Cette rage qui traverse Squid Game reflète une réalité sociale : la dette des ménages sud-coréens dépasse désormais la production économique annuelle du pays. Dans un contexte de privations, d’inégalités et de maladies, la série dystopique de Hwang Dong-hyuk est plus que pertinente : elle est symbolique. Peu de temps après la diffusion de Squid Game, 80 000 travailleurs sud-coréens se sont mis en grève, et beaucoup sont descendus dans les rues vêtus de la fameuse combinaison rouge assortie à un masque noir – le costume des sbires du maître du jeu.
Certains ont dénoncé la représentation des femmes dans Squid Game, une association féministe allant même jusqu’à appeler au boycott de la série pour son « regard exclusivement masculin». Il est vrai que la Corée du Sud a le plus grand écart salarial entre les sexes parmi les pays développés, et que les féministes sont devenues les cibles privilégiées des ultraconservateurs. Mais au fond, Hwang Dong-hyuk n’a jamais eu l’intention de faire des films sur des questions sociales ; c’est plutôt sa passion pour le cinéma qui a fait naître sa révolte contre l’injustice. « Mon seul objectif, explique-t-il, est de créer une œuvre qui offre au public une expérience immersive et divertissante. » Il espère néanmoins qu’elle poussera les spectateurs à se poser des questions.
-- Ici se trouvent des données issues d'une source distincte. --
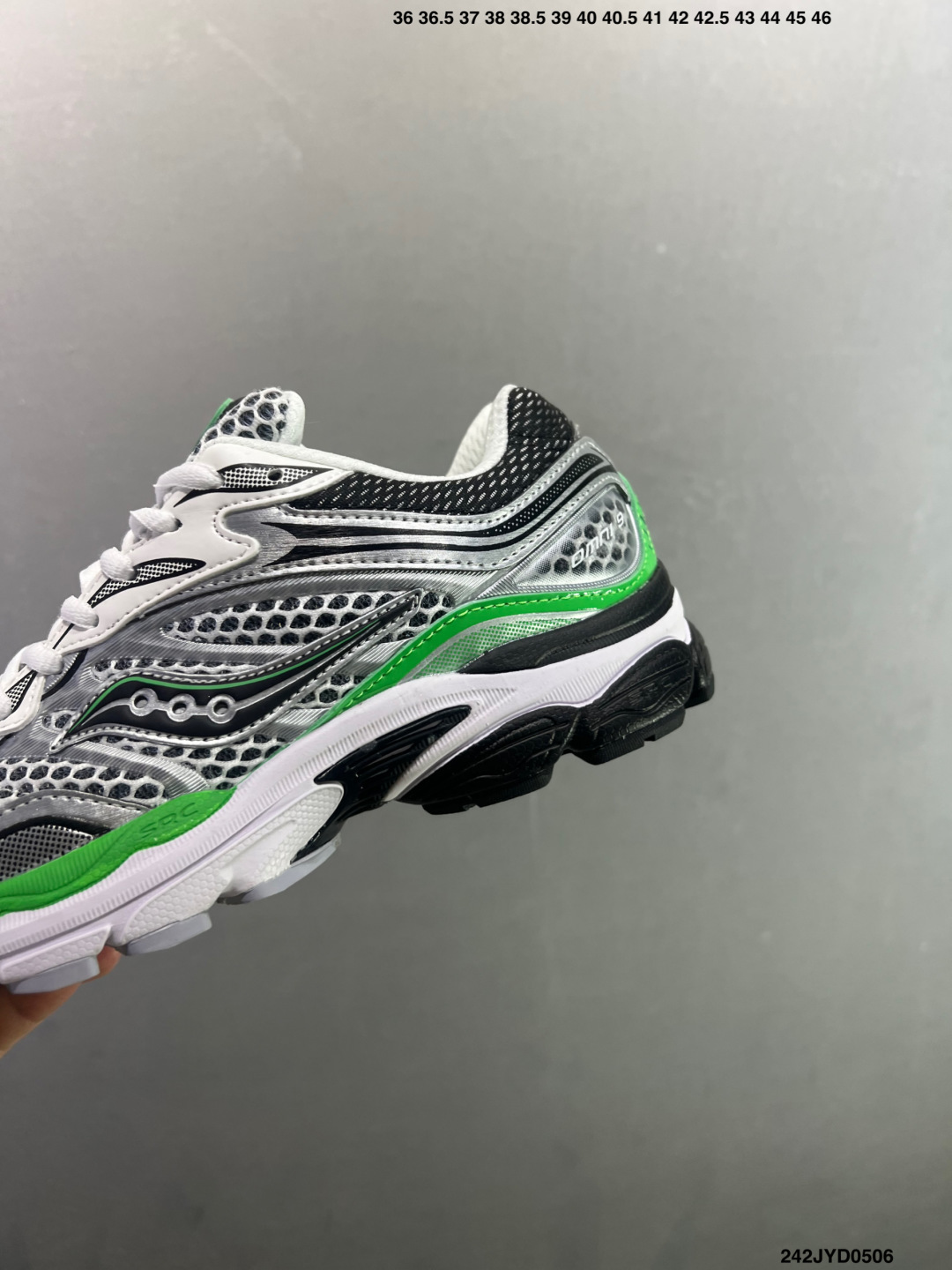 Saucony索康尼 Pro Grid Omni 9 全擎9 舒适柔软跑步鞋 S70739-16
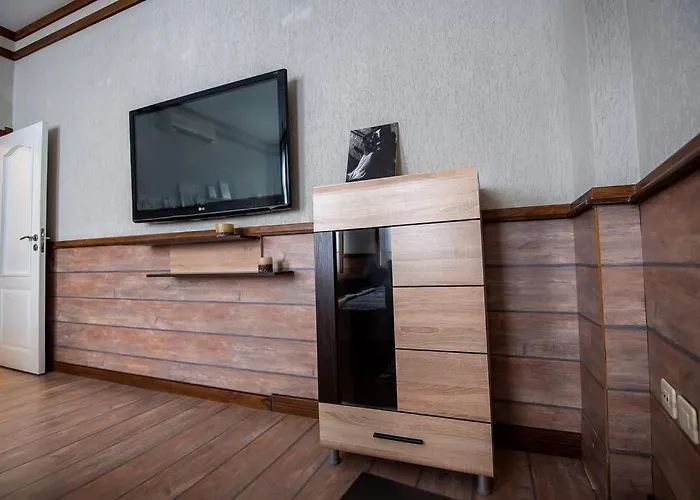 Huge Stylish Monroe 1 / Centre Plovdiv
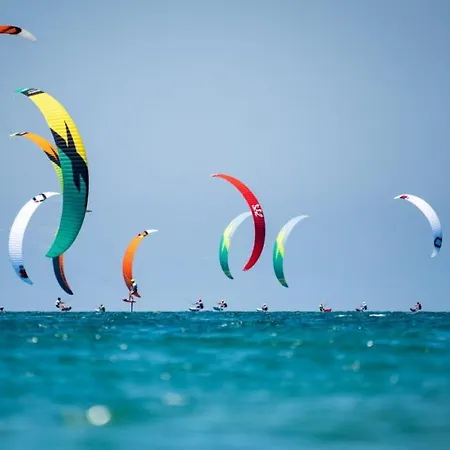 Apartment L' Antico Scoglio Comfort Nocera Terinese Scalo - 4,7 E 11 Ospiti - Navetta Aeroporto-stazione & Multi-destinazioni - Piscina - A 300mt - Giardino E Zona Pranzo All'aperto - Wifi & Smarttv - Aria Condizionata Fronte Aguglieri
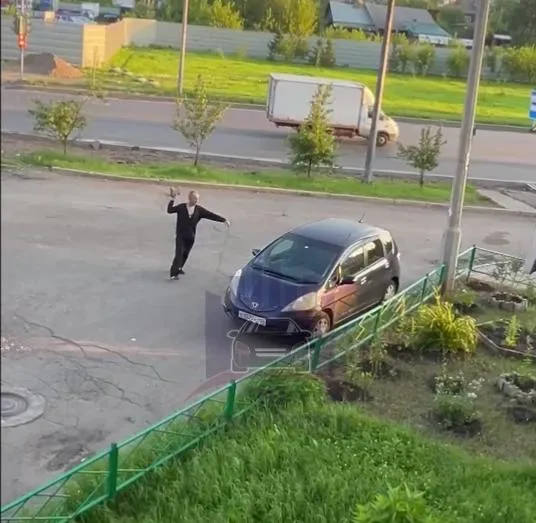 В Красноярске мужчина устроил погром во дворе и разбил машину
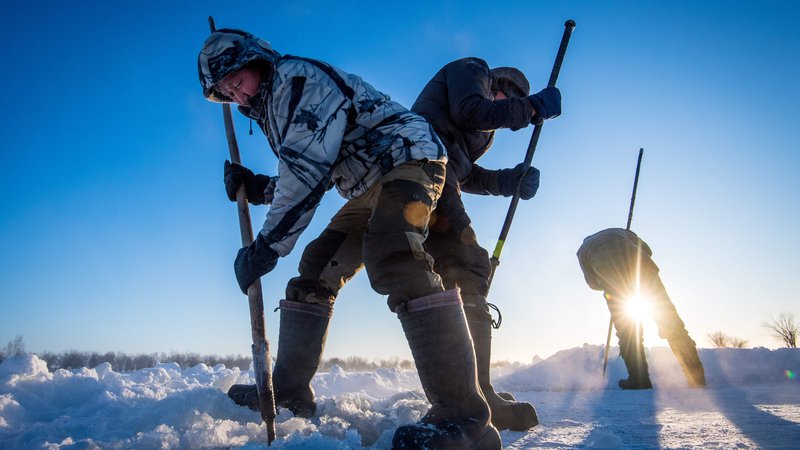 Fotografija: (FILES) In this file photo taken on November 27, 2018 villagers harvest ice from a local lake near the settlement of Oy, some 70 km south of Yakutsk, with the air temperature at about minus 41 degrees Celsius. - Many people in the Sakha (Yakutia) Republic depend on melted water as there is no other way to supply water due to extremely cold winter temperatures in the permafrost-covered region. (Photo by Mladen ANTONOV / AFP)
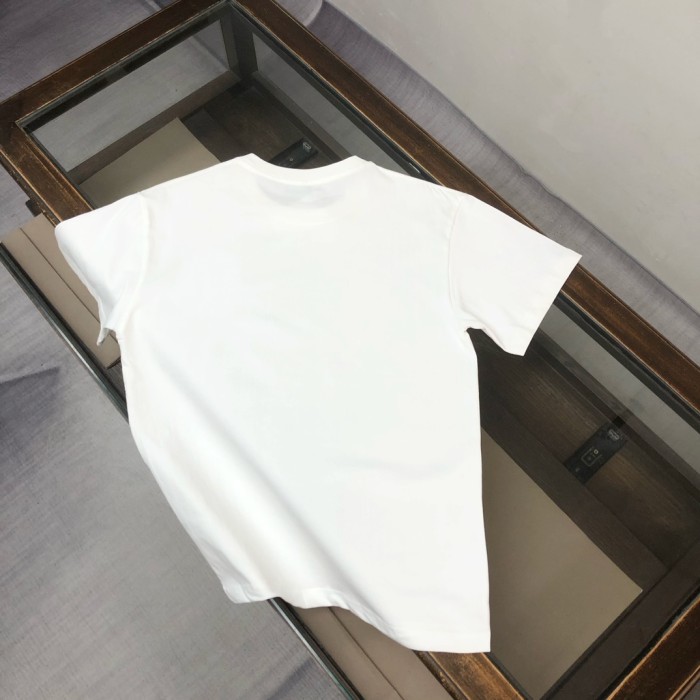 追跡付 モンクレール コピーおすすめ 2025最新の半袖Tシャツ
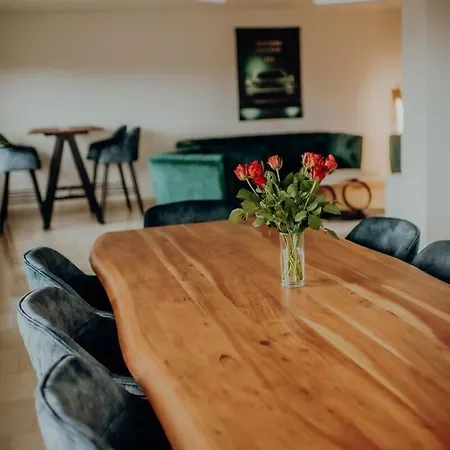 Grosszuegiges Fuer 12 Neu Renoviert Casa de Férias Kirchwald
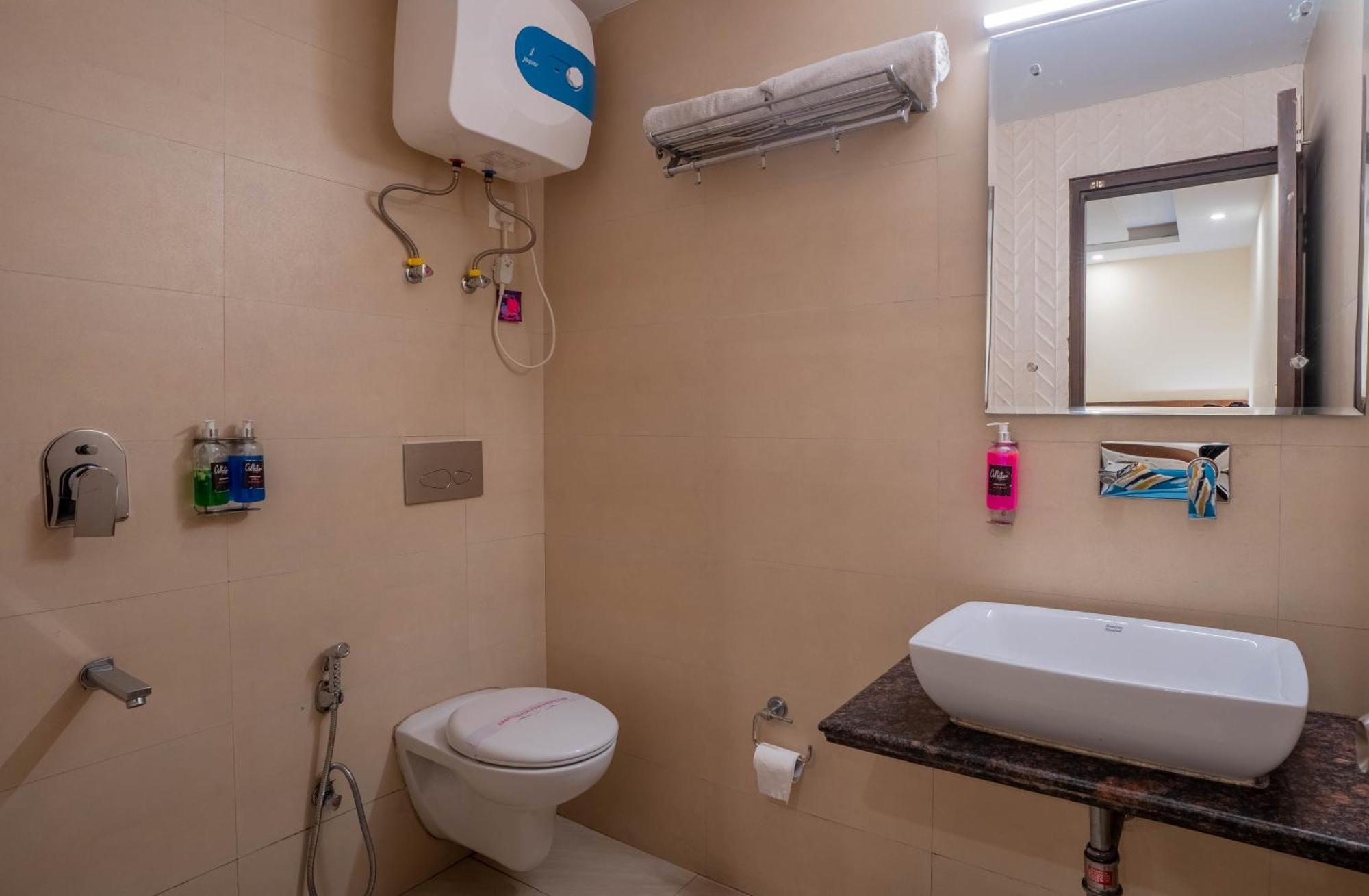 Perfectstayz Vista 5 Min Walk To Mall Road มัสซูรี ภายนอก รูปภาพ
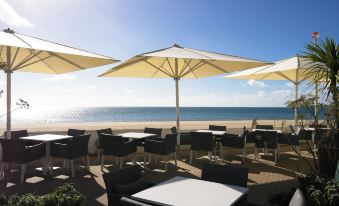 Sandbanks Hotel - Housity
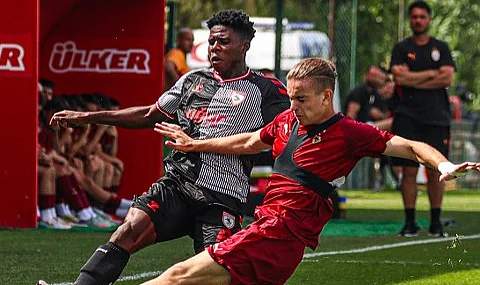 Samsunspor U19'dan Galatasaray U19'a Sürpriz: 2-1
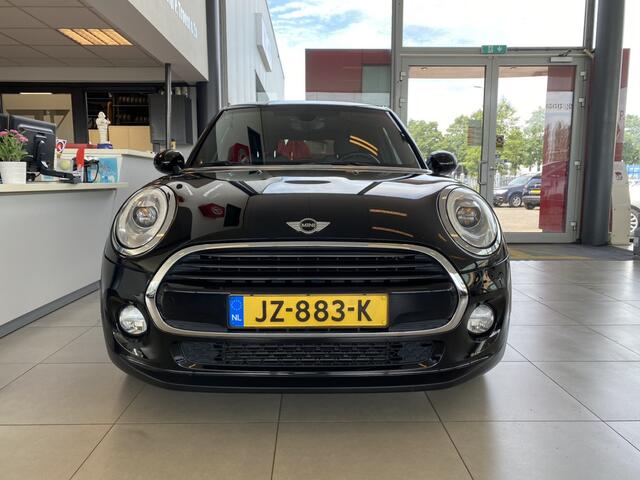 Mini COOPER Mini 1.5 Chili Business,NL Auto,5 Deurs,5 Zits,Navigatie,Climate&Cruisecontrol,Bluetooth met Spraakbediening,Sensoren Achter,Comfortstoelen Halfleder,16 Inch Lmv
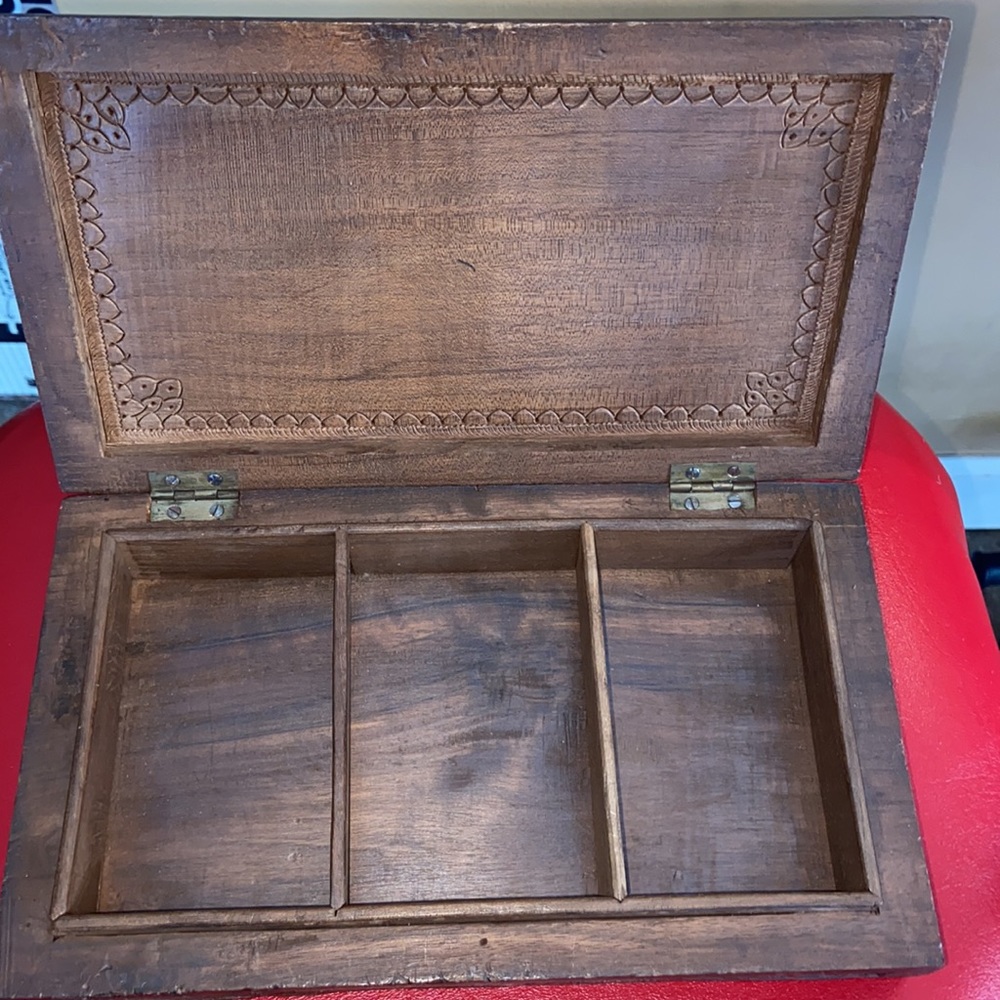 Hand carved wooden treasure jewelry box - Picture 5 of 14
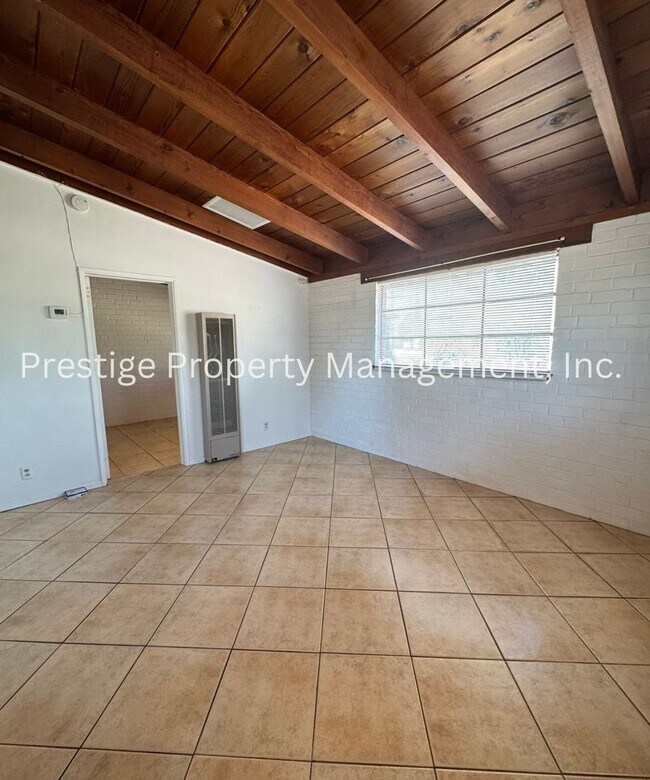 Building Photo - 1348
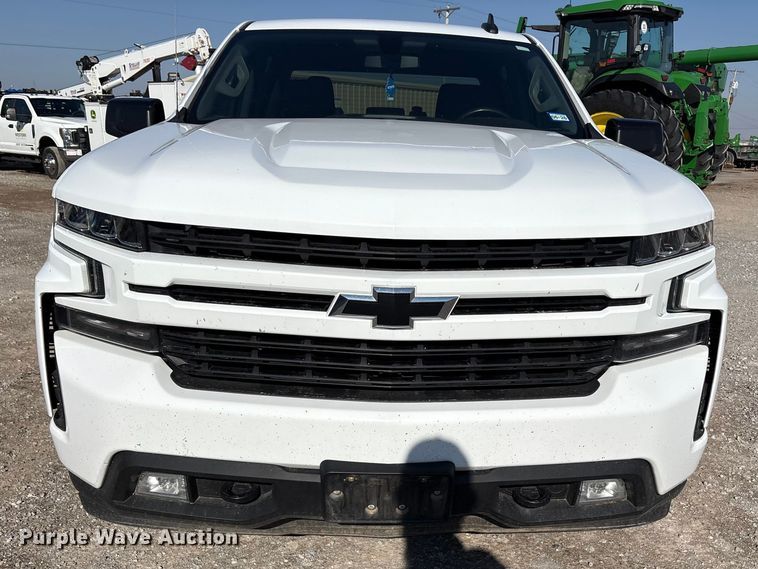 image for item EU4978 2019 Chevrolet Silverado 1500 Crew Cab pickup truck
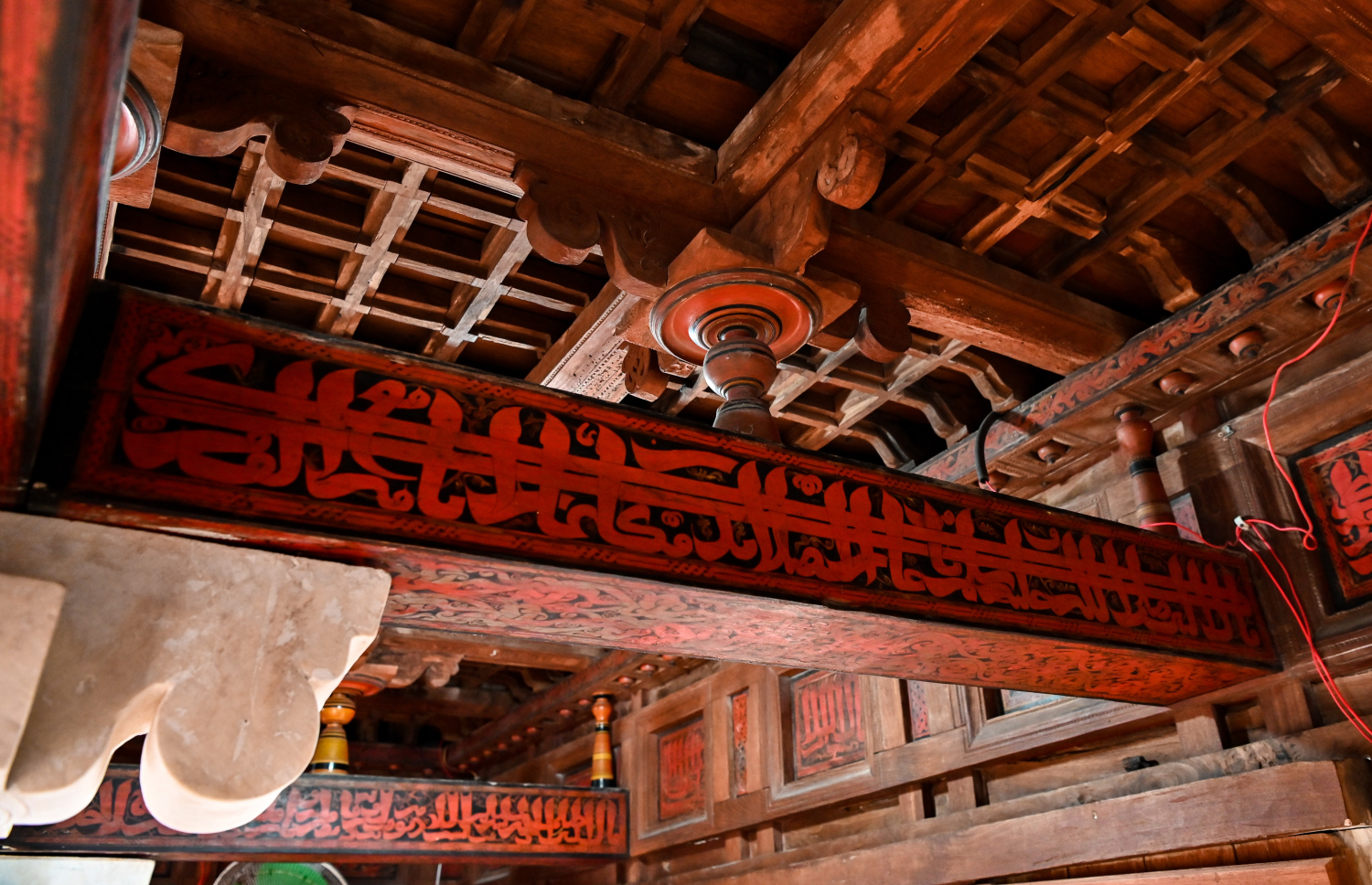 އިސްދޫ އާސާރީ މިސްކިތުގެ މަތިވަޑާން.--- ފޮޓޯ: ފަޔާޒު މޫސާ| މިހާރު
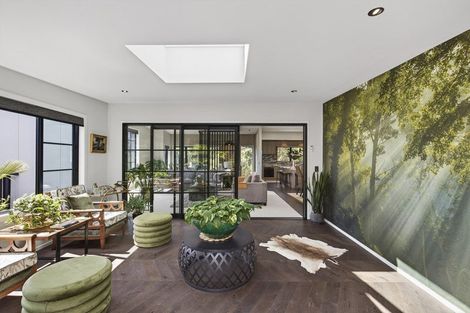 Photo of property in 7 Pike Place, Ferndale, New Plymouth, 4310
Les mots « joie » et « responsabilité » reviennent souvent au cours de mes discussions avec le réalisateur et les acteurs. Je leur demande s’ils ressentent une pression supplémentaire à l’idée de dépeindre, et peut-être de représenter, la société sud-coréenne sur la scène internationale. Je suis pour ma part américano-coréenne, et je connais cette peur de décevoir mes compatriotes lorsque j’écris un article. « C’est une source de stress constant, me confirme Hwang Dong-hyuk. Je représente la Corée dans tout ce que je fais, que je le veuille ou non. » Tout comme l’acteur Park Hae-soo, il ressent cette pression dans sa vie personnelle, les célébrités sud-coréennes étant tenues de respecter « des normes morales très élevées ».